The major determinants of these considerable variations in fetal growth and birthweight across populations remain unknown. Established maternal factors (such as maternal age, height, weight, and parity) and neonatal characteristics (such as sex) that influence fetal growth and birthweight explained only 1–2% of variations in fetal growth . On the other hand, recent studies demonstrated a considerably high contribution of genetics to birthweight. There was an array-wide heritability of 15.1%  and a strong cumulative effect of birthweight loci that was as high as maternal smoking during pregnancy  and maternal body mass index . Together with these observations, our findings of genetic risk burden differences among populations indicate that genetic variations and their complex interactions with environmental risk factors may contribute to observed regional and ethnic disparities in birthweight. Further, understanding these interactions may help us to understand what underlies the very slow change between 1990 and 2000 in the incidence of low birthweight in developing countries despite some improvements in their economies . It may also explain why we witnessed recent decreases in birthweight in the U.S. [29, 30], with disproportionately higher declines in African-Americans than whites , and in Sweden , which could not be explained by maternal and neonatal characteristics.
In the present study, we observed population differences in the frequency spectrum of birthweight-lowering alleles.

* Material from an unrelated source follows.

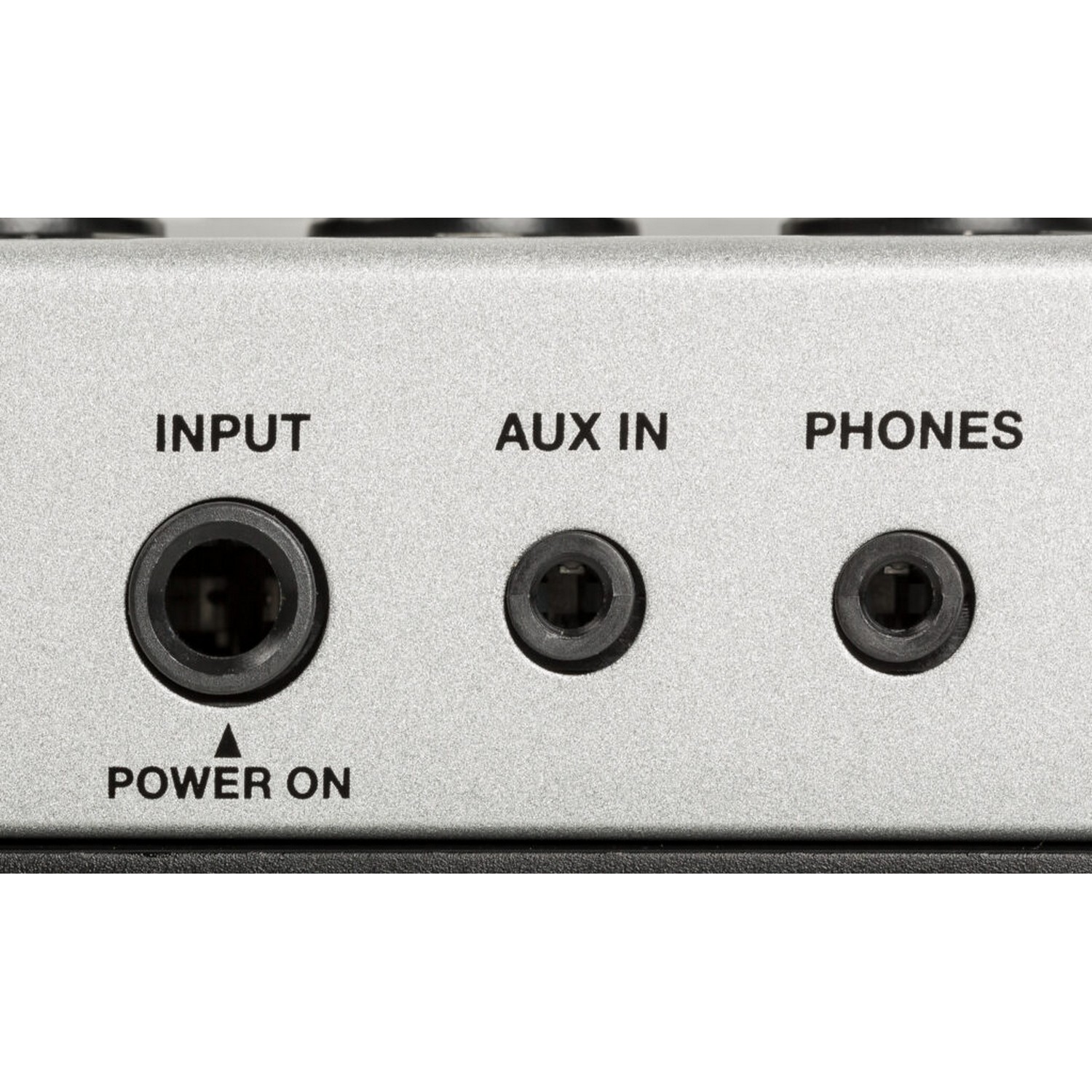 Гитарный процессор Boss GT-1B - 25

The proportion of rare risk loci was higher in individuals of African and Asian ancestry compared to those of European ancestry. The bell-shaped and symmetrical overall distribution of birthweight loci in our study has a bearing on the common disease-common variant hypothesis, which posits that common traits are most likely due to common variants with small to modest effects . Nonetheless, we observed relatively higher deviations in Africans and Asians. These two findings showing differences between Europeans and Africans/Asians in the genetic variation landscape of common and rare birthweight loci may be because of population differences in the genetic architecture of birthweight and fetal growth. In addition, the overwhelming majority of GWASs, including those on birthweight, utilized samples of European ancestry populations [14,15,16] and most genotyping platforms are ascertained for common SNPs in European ancestry populations, limiting the power of discovery in other populations [33, 34]. These limitations may contribute to our findings of population differences in the genetic variation landscape of birthweight loci. The putative causal variants are most likely tagged by the SNPs associated with birthweight in the discovery GWAS involving European ancestry individuals; however, the extent to which those SNPs tag the causal variants in non-Europeans is not known. Therefore, we acknowledge a limitation in our study that the differences in the burden of risk alleles among populations may not represent differences in burden of causal variants. Genomic studies involving diverse population samples are warranted to discover common genetic loci associated with fetal growth and to close the gap between the estimated heritability of birthweight (25–31%) and the heritability explained by the GWAS loci discovered so far (<5%) [15, 17, 18].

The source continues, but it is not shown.